Ciò che sembra improbabile o impossibile per una persona comune, è invece plausibile per l’eroe, grazie anche ai conduttori di turno che all’occorrenza ci mettono una pezza d’appoggio. Così Orsini può dichiarare di aver ricevuto messaggi dalle famiglie ucraine che vivono nella Mariupol assediata, può venire smentito subito dopo facendo una pessima figura da Anastasia Kuzmina, ma la trasmissione prosegue come nulla fosse.
Ecco che, grazie alla “sociologia comprendente di Weber”, Alessandro Orsini non analizza, non osserva, ma esercita una sorta di telepatia a distanza con un dittatore e l’intero popolo che governa. Ecco che entra nella testa di persone che non ha mai conosciuto direttamente, che vivono in un paese in cui Orsini non è mai stato, di cui non ha mai fatto esperienza, e di cui non parla la lingua. Questo stratagemma funziona anche perché pochi nel pubblico hanno studiato Weber o sanno in cosa consista la “sociologia comprendente”. Ma, in ogni caso, ciò che Putin pensa non è verificabile, al limite soltanto ipotizzabile.
Una variante di questo stratagemma vede Orsini esaltare altri tratti del suo personaggio, creando nel complesso una maschera da accademico atipico. Una sorta di stregone detentore di verità iniziatiche, nascoste ai più dal velo di Maya della propaganda occidentale. A volte si descrive come un “francescano” (o qualcuno che ha una formazione francescana), a volte come “un anarchico”, più spesso come un prodigio della sociologia.
Questo stratagemma si concretizza anche nella postura e la mimica corporea, che denota spavalderia e sicurezza di sé. Postura che è radicalmente diversa in contesti più istituzionali, dove appare più misurato, quasi remissivo. Ad esempio nell’audizione al Senato del 2018 il tono di voce non ha impennate o picchi, nessuna foga polemica; il linguaggio corporeo è ridotto al minimo, le mani sono persino sotto al tavolo. Anche in questo video per la LUISS il linguaggio corporeo è molto meno spavaldo.

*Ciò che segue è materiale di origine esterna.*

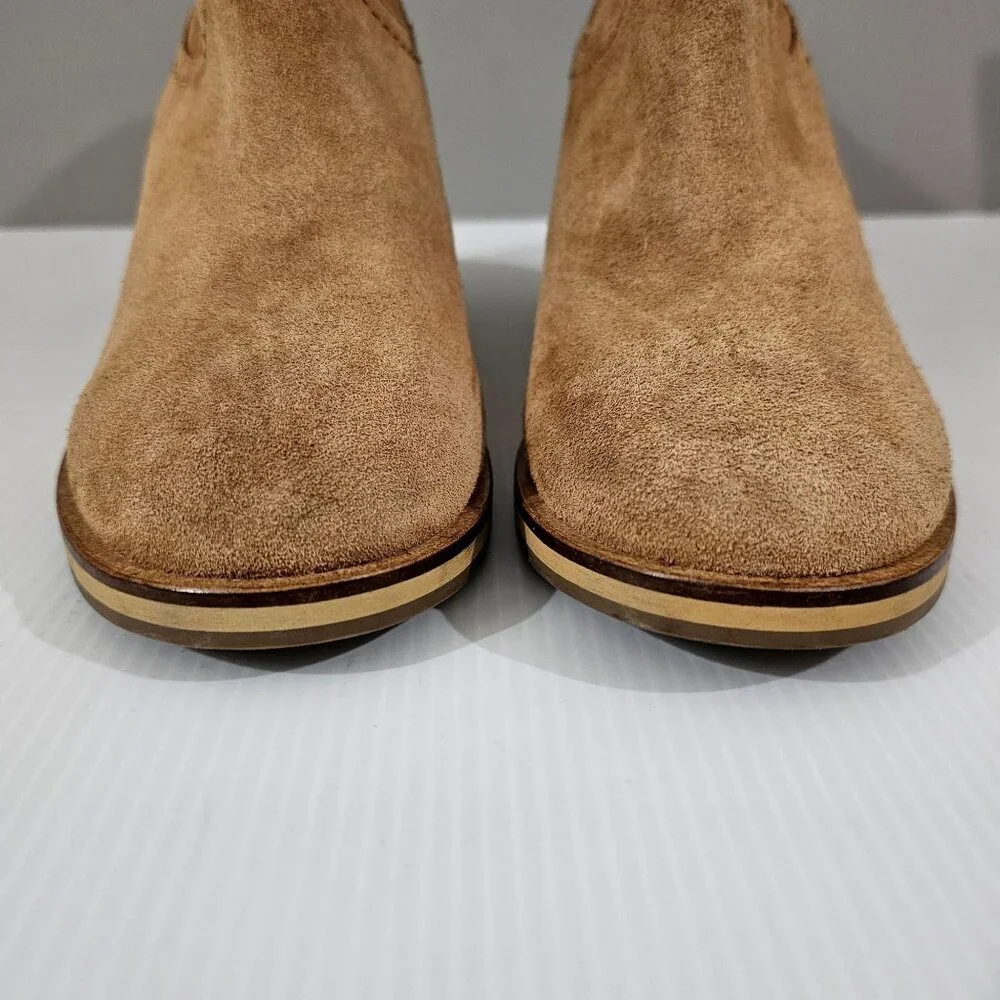 Aquatalia Bellamy Ankle Boot Womens 9.5 Brown Suede Water Resistant Designer NEW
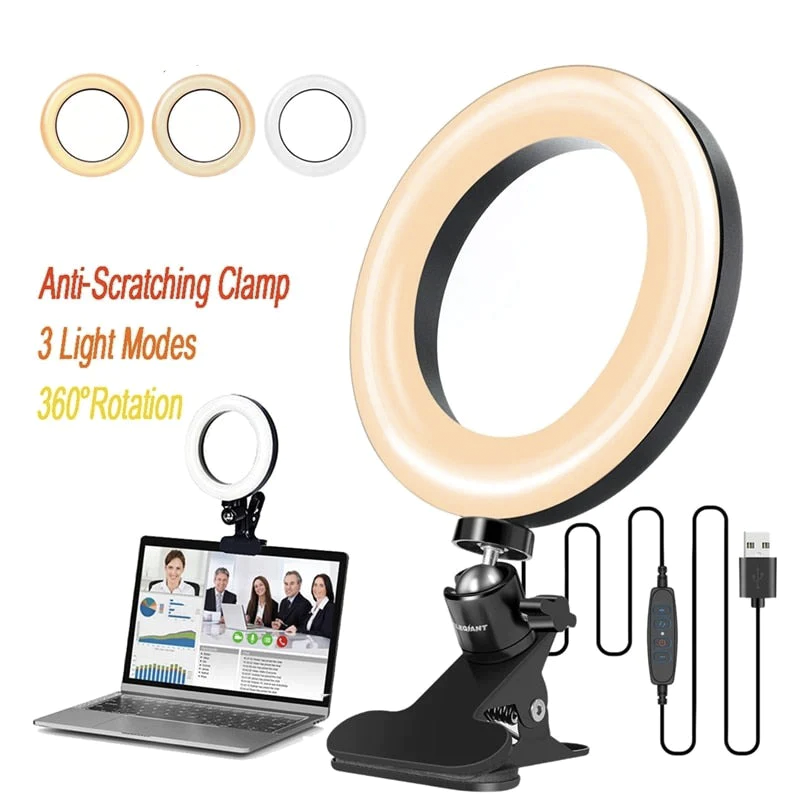 LED Ring Light Stand with Clip - The Ultimate 2-in-1 Lighting Solution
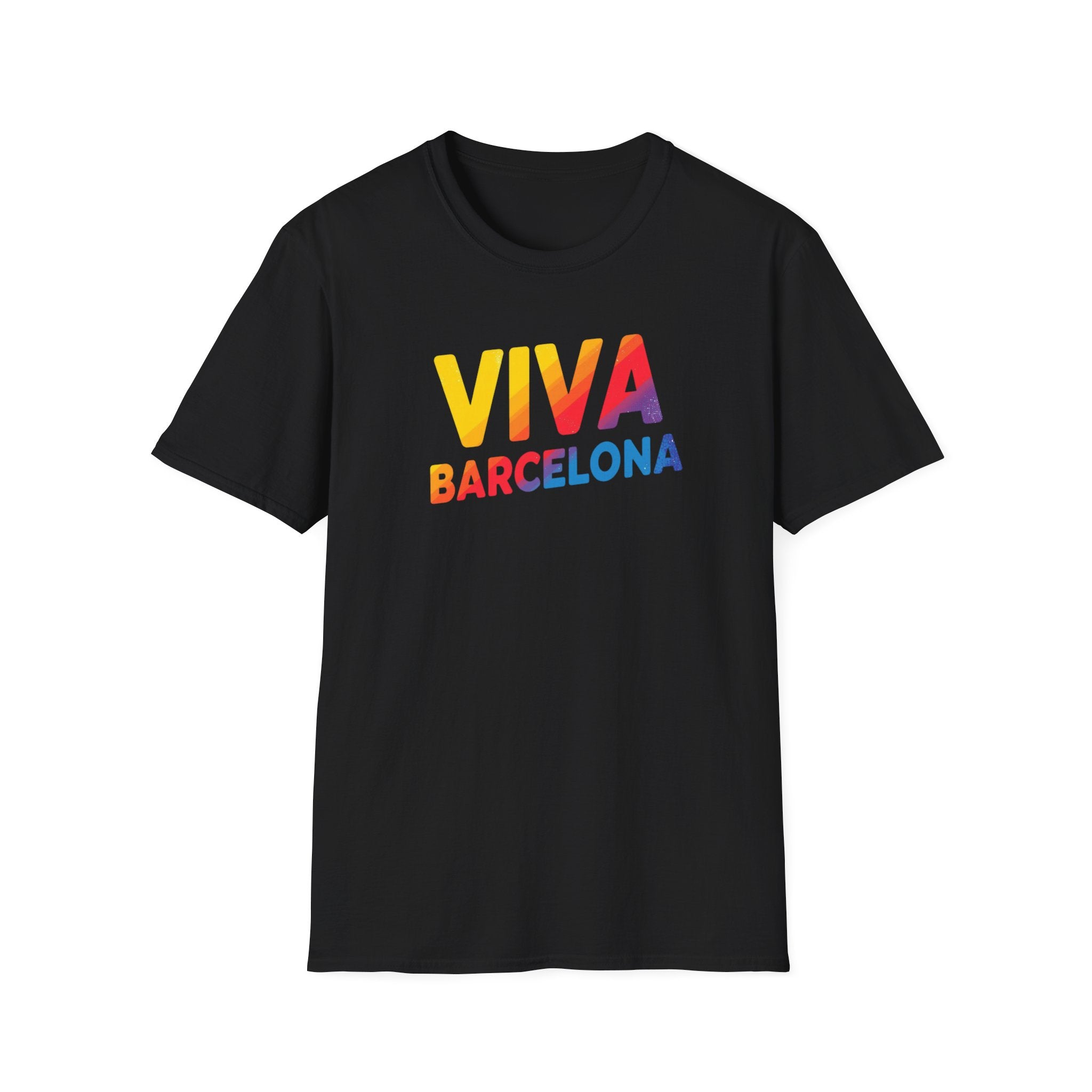 Viva Barcelona T-Shirt | Colorful Spain Travel Tee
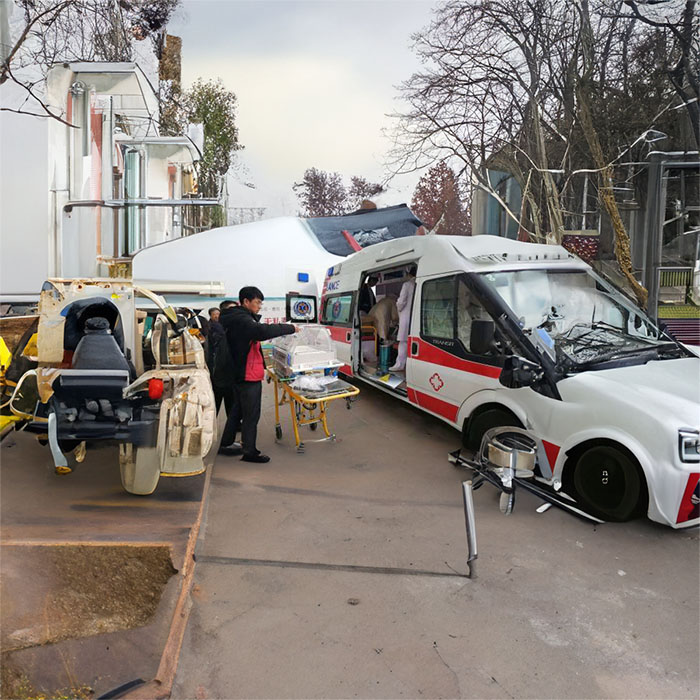 河南金水租用私人救护车护送到河南新乡医学院第二附属医院 救护车出租一般多少钱租用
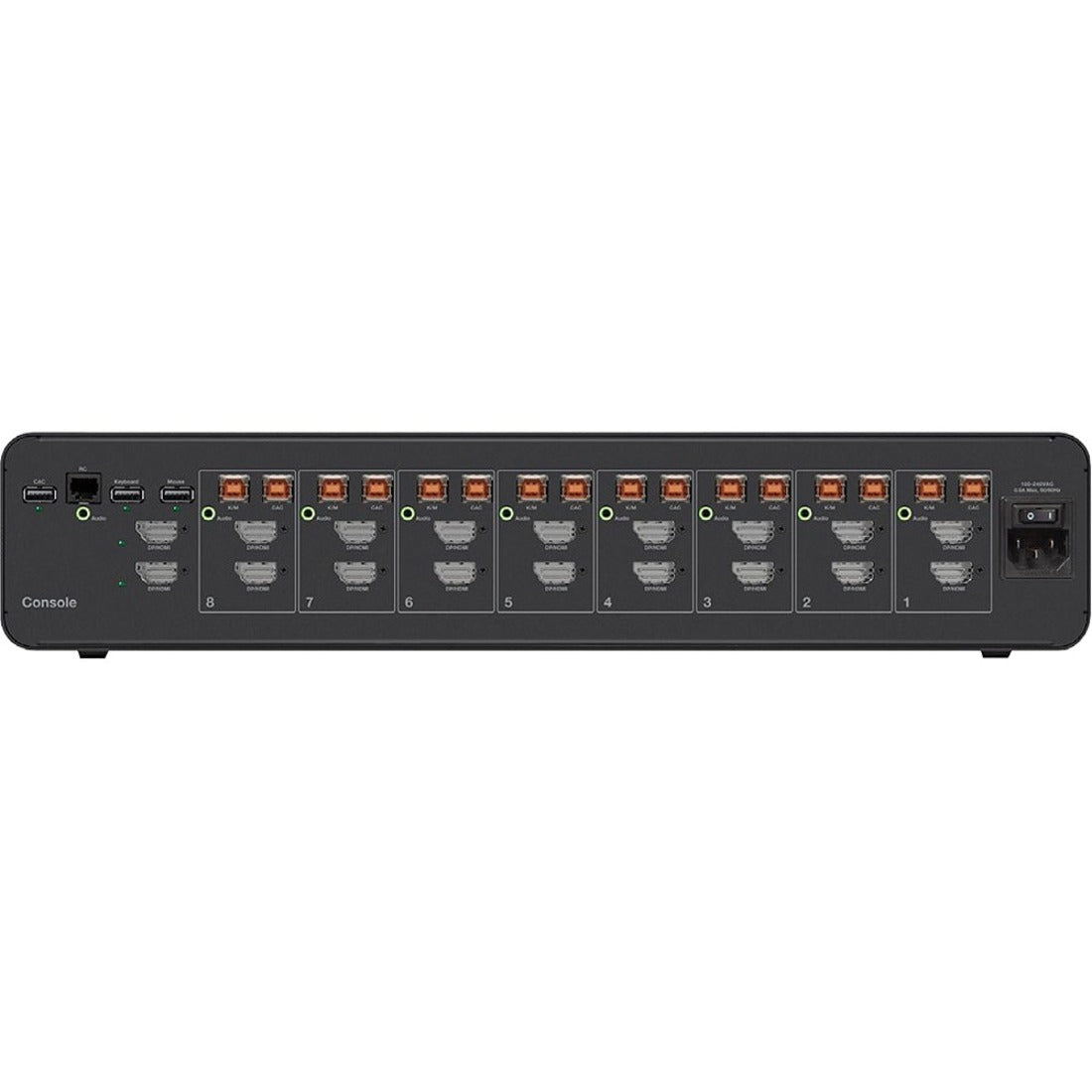 Belkin Universal 2nd Gen Secure KVM Switch 8-Port Dual Head w/ CAC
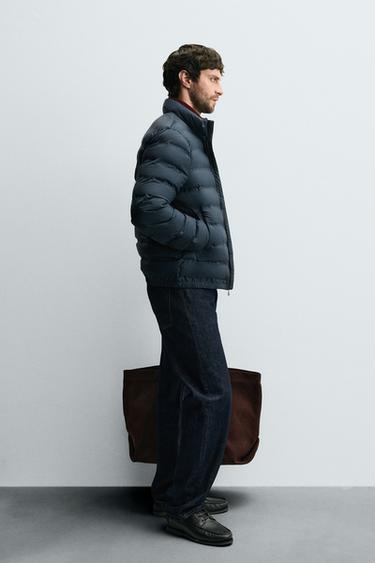 VESTE MATELASSÉE LÉGÈRE DÉPERLANTE - Bleu marine de Zara - Image 3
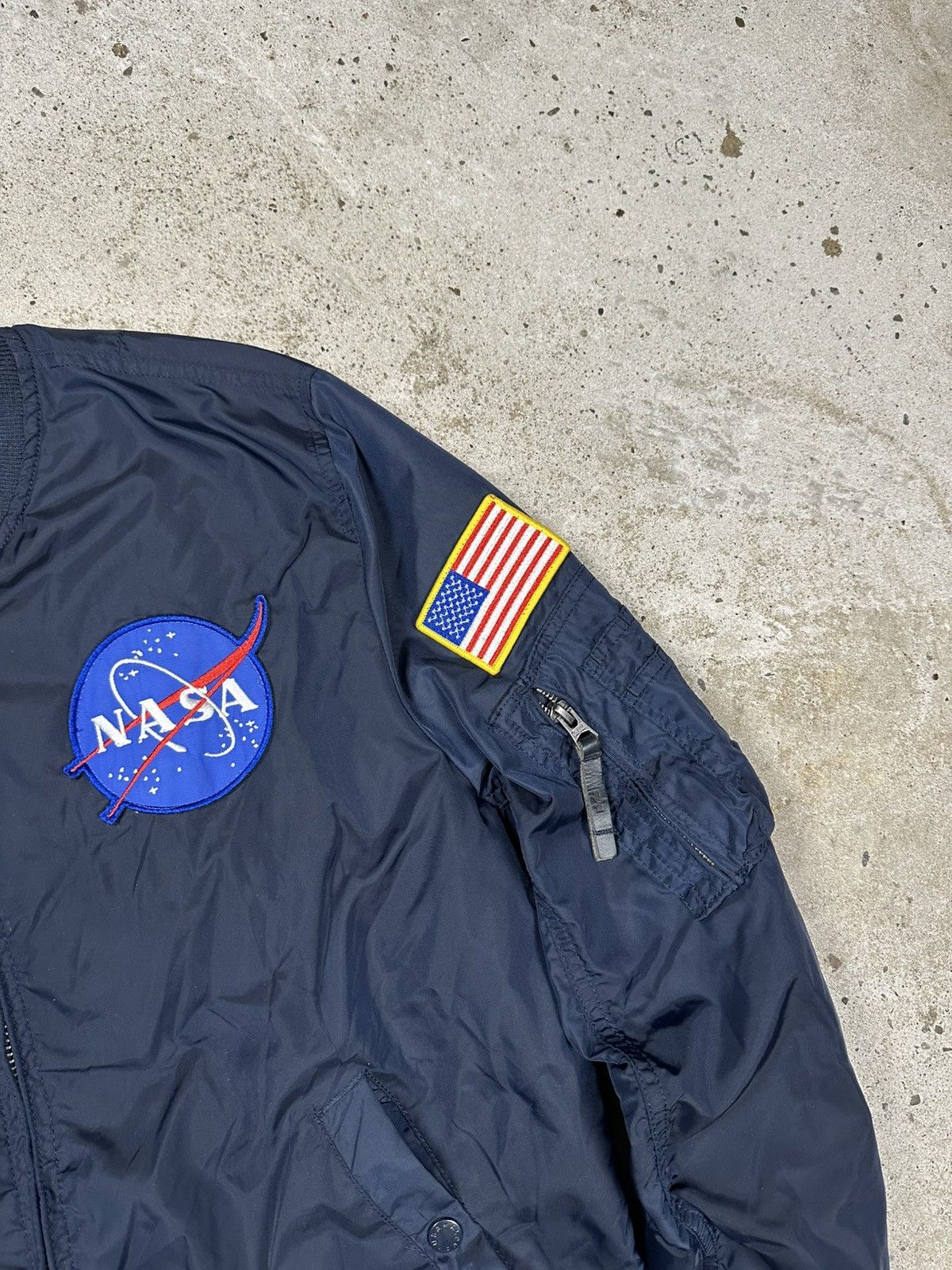 Alpha Industries Alpha Industries MA 1 TT Nasa Reversible Bomber Jacket Flyer Size US M / EU 48-50 / 2 - 7 Thumbnail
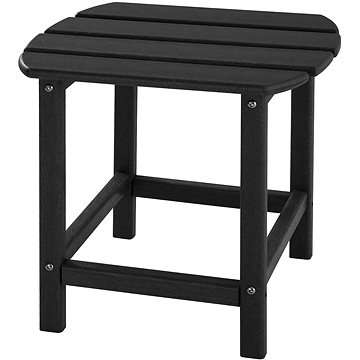 Tectake Odkládací stolek, černá (403794)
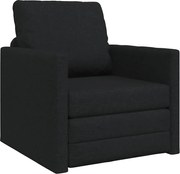 vidaXL Pat canapea 60cm Negru țesătură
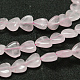 Natural Gemstone Rose Quartz Heart Bead Strands G-O021-B-14-1
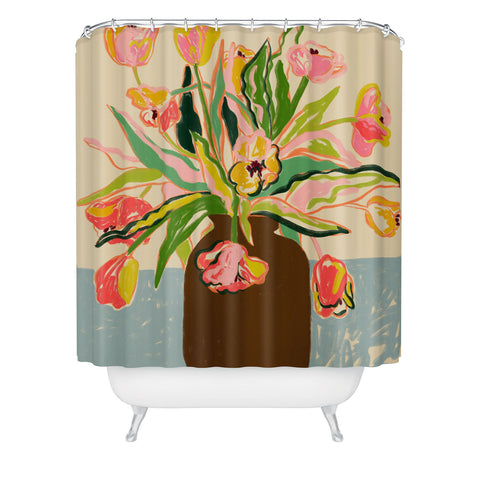 sandrapoliakov TULIPS I Shower Curtain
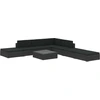 Image de vidaXL 8-tlg. Set de salon de jardin avec auflagen Poly Rattan Schwarz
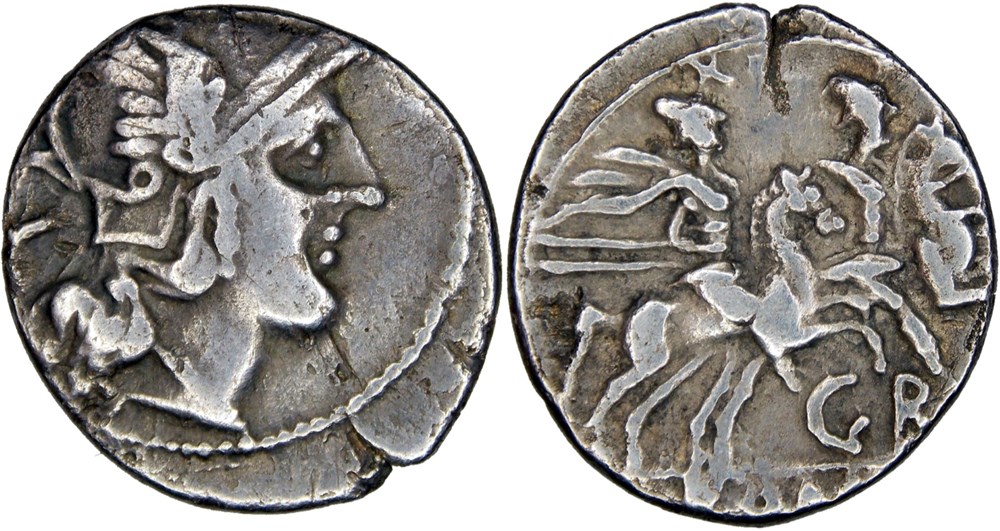169/1. Sempronia - denarius (180-178 BC) monnaies antiques romaines imperiales et republicaines 169 1 sempronia denarius 180 178 bc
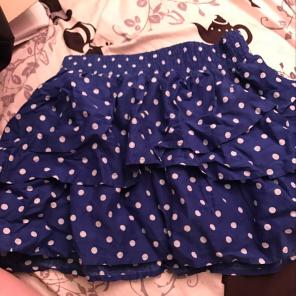 Never Worn Cute Blue Polka Dot Skirt.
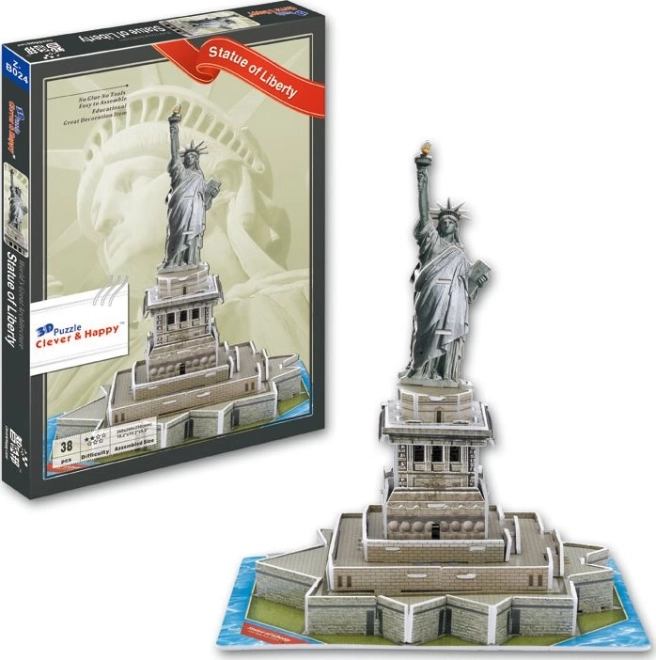 3D puzzle Szabadság-szobor 38 darabos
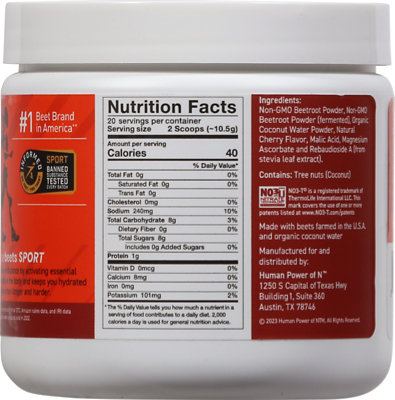 Humann Superbeets Sport Cherry - 7.3 OZ - Image 6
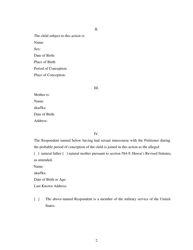 Form 2F-P-389 Petition for Paternity; Summons - Hawaii, Page 2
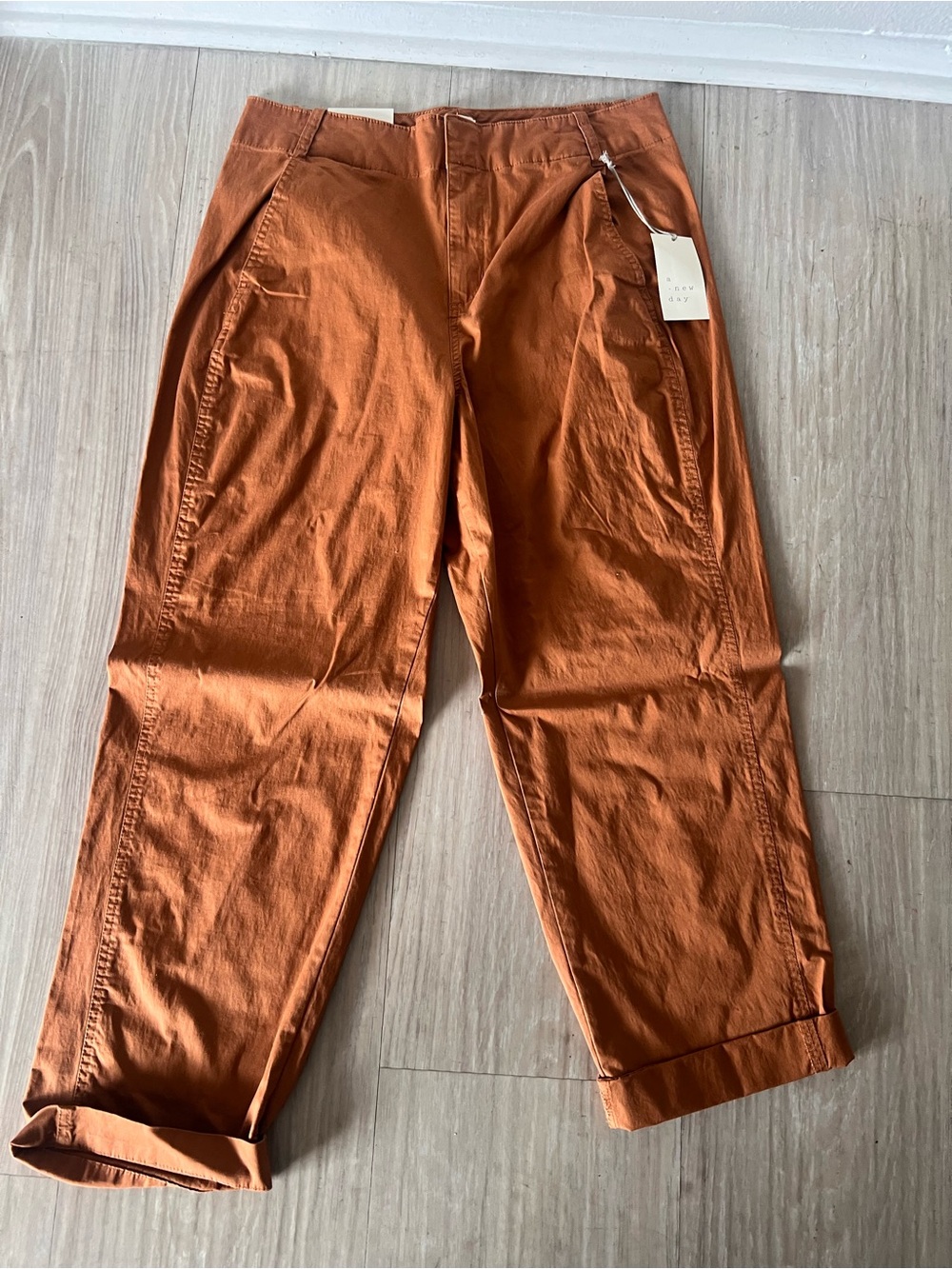 Target Women’s Rust Orange Cotton Chino Pants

Stratagemma 3: fare concessioni
Ricadono in questo stratagemma le dichiarazioni di principio (“amo gli Stati Uniti”, “condanno l’invasione di Putin”, “gli ucraini fanno benissimo a combattere e difendersi”). Sono dichiarazioni puramente formali, così come gli attestati di stima all’interlocutore che Orsini intende contraddire. Queste premesse dissimulano in parte le intenzioni che si andranno a palesare, un po’ come una finta che serve a nascondere da che parte arriverà l’attacco. Così, per esempio, la condanna dell’aggressione russa precederà una filippica contro la NATO e i paesi del blocco occidentale. Mentre un attestato di stima verso gli ucraini precederà un discorso per suggerire che non vadano armati, e una dichiarazione di affetto verso chi ha mosso a Orsini delle critiche sarà seguita dallo scherno e dal dileggio.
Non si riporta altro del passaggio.